In the past few weeks the situation with COVID-19 seems to have spiraled from a distant issue into an unreal worldwide disaster. Travel has been banned, UK and other schools have switched to remote teaching, and now people are buying up all the toilet paper in stores.

For those who personally don’t know anyone infected with the virus, all the new changes may seem like an overreaction, one propagated by media hype and public fear. Though I would agree this is true for the toilet paper thing, COVID-19 should not be dealt with lightly. This virus is unique in its ability to spread and cause disease, and the measures our schools and countries are taking are not overreactions.

To see why COVID-19 is such a big deal, I think it’s helpful to examine it in the light of two other diseases: SARS and influenza.

From 2002 to 2003, a different coronavirus caused a disease known as SARS (Severe Acute Respiratory Syndrome) which led to an epidemic that began like our current one. Like COVID-19, SARS started in China, spread to other countries, and claimed many lives. But despite having a lower death rate than SARS, COVID-19 has already proven to be more serious.

In the span of about a year, SARS affected 26 countries, infected over 8,000 people, and killed 774. In just the past few months, COVID-19 has spread to well over 100 countries, infected over 190,000 people, and killed over 7,500.

One reason our governments and institutions have taken such radical action to combat COVID-19 is that it spreads so efficiently. SARS was a more aggressive disease, with more obvious symptoms that made it easily identifiable and stopped. The COVID-19 virus, on the other hand, can spread almost secretly through mildly symptomatic or asymptomatic individuals. This rapid spread, coupled with a risk of death in the elderly or those with underlying conditions, makes COVID-19 like a more well-known disease: the flu.

Every year in the U.S. alone, the flu kills thousands.

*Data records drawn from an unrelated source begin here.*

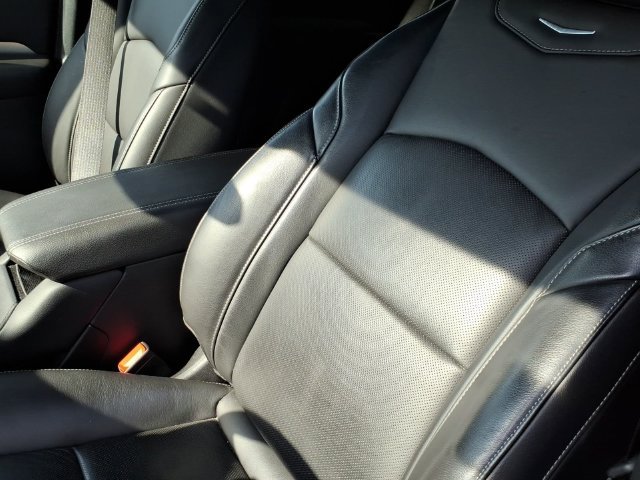 Used 2019 Cadillac XT4 Premium Luxury AWD/4WD image 12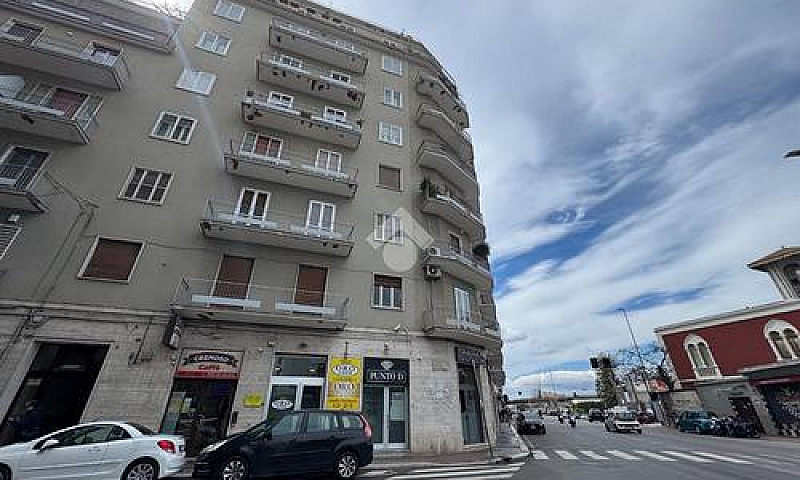 5 Locali A Bari...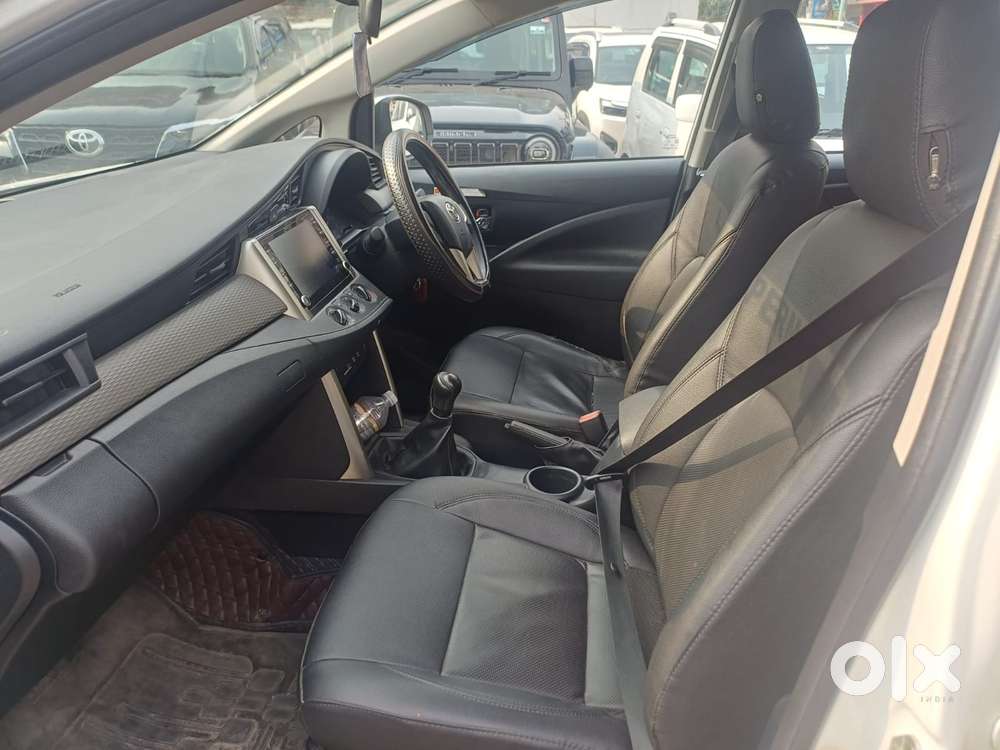 Toyota Innova Crysta 2.4 G Mt, 2024, Diesel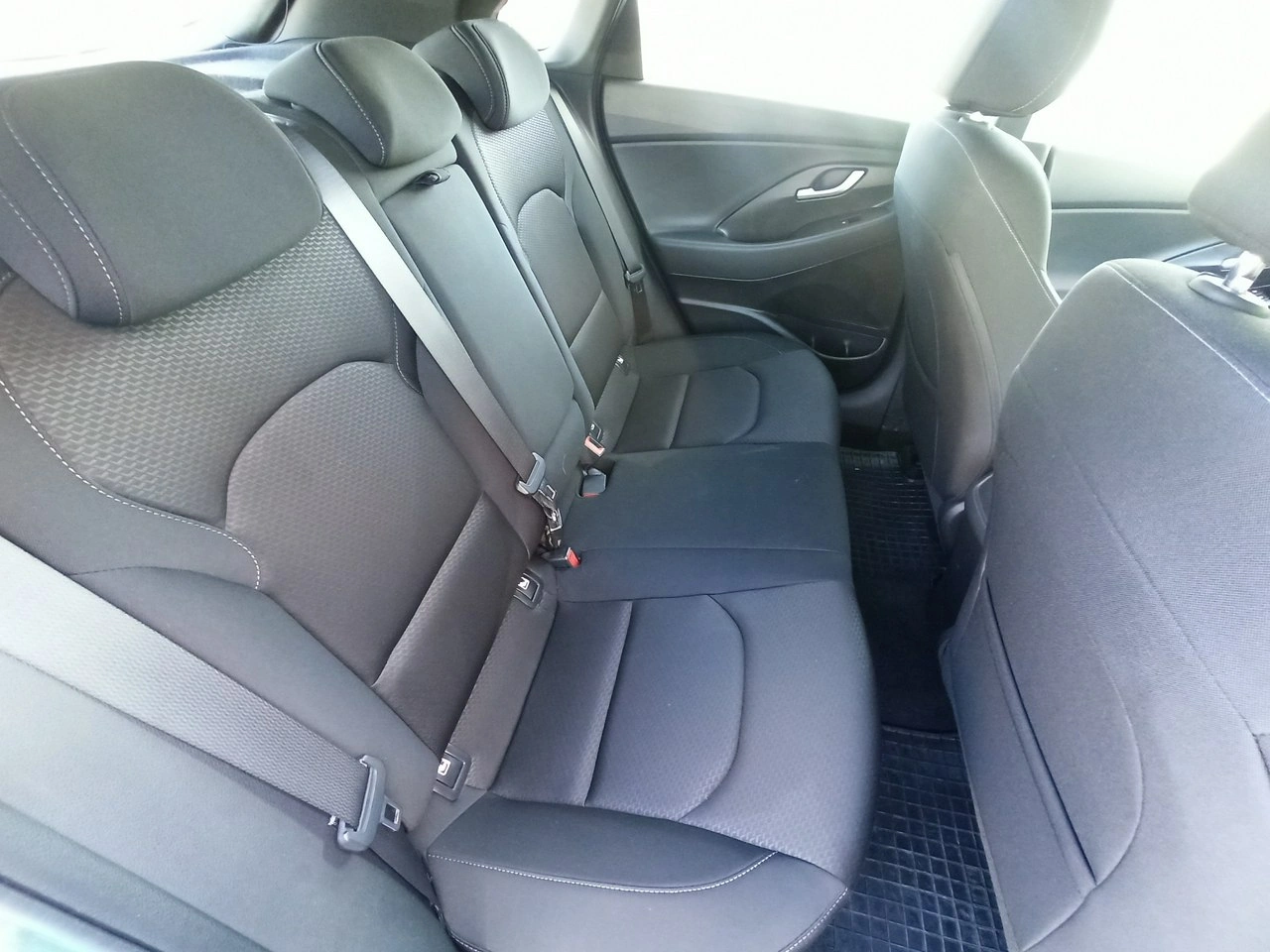 Hyundai i30 - Zdjęcie 8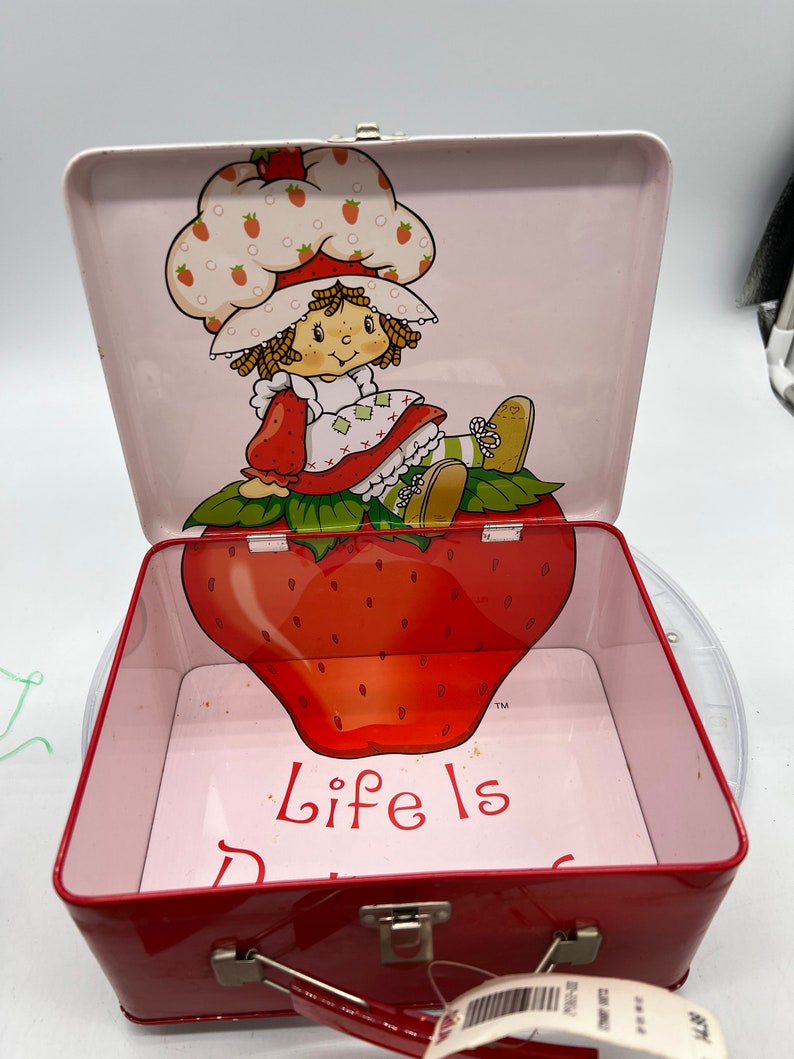 Vintage Strawberry Shortcake Metal Lunch Box New still wrapped in plastic! image 3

The CDC estimates that during the 2018-2019 influenza season, the flu resulted in 35.5 million cases, 490,600 hospitalizations, and 34,200 deaths in the U.S. alone. As the coronavirus hype grew, many people compared COVID-19 to the flu, making the point that way more people die from flu than have died from COVID-19.

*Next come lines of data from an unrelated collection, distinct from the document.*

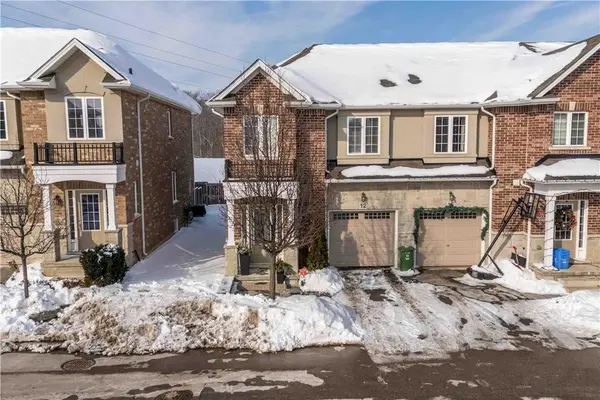 90 RAYMOND RD N #12, Hamilton, ON L9K 0J6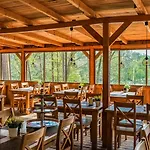 Osrodek Wypoczynek Wodnik 캠프장 *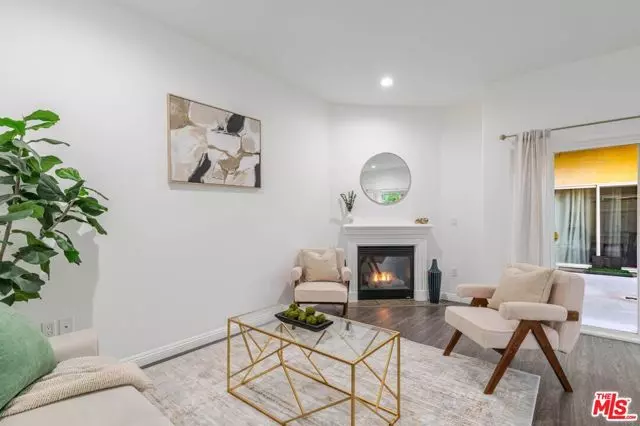 Sherman Oaks, CA 91411,5521 Kester Avenue #7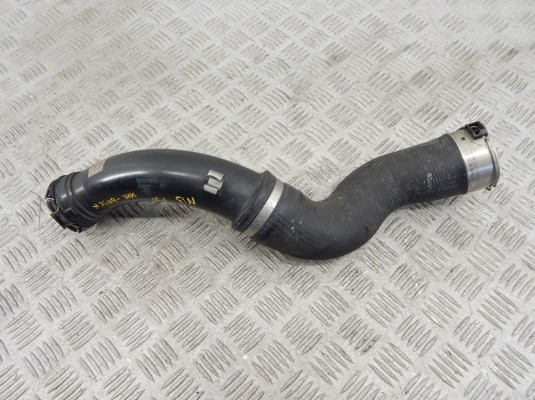 Патрубок интеркулера BMW 3-series (F30/31) 13 71 7 597 587 Патрубок интеркулера BMW 3-series (F30/31) 13 71 7 597 587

This is an important point to make, but we shouldn’t downplay COVID-19. Let’s be clear: the flu is bad. That’s why doctors emphasize so strongly that you get your flu vaccine each year. But flu plus COVID-19 is way worse, and this coronavirus has the potential to become just as bad as the flu. It spreads faster and is estimated to be more deadly. The only difference is that the flu is already here. It’s in the population, and we deal with it coming back each year. COVID-19 cases only number in the thousands now, but the fear is that if we don’t contain the disease, it could overwhelm hospitals and become a seasonal virus on top of flu, revisiting us and overwhelming hospitals every year.

All these changes, bans, and social distancing rules really suck, but we must remember the sacrifices we make now are not just for ourselves, but for our whole community, for the stability of our healthcare system, and for our future. Until we have vaccinations and antiviral treatments to help us combat this disease, the best things we can do are cooperate, keep our hands clean, avoid contact if we can, and please, leave some toilet paper rolls for everyone else.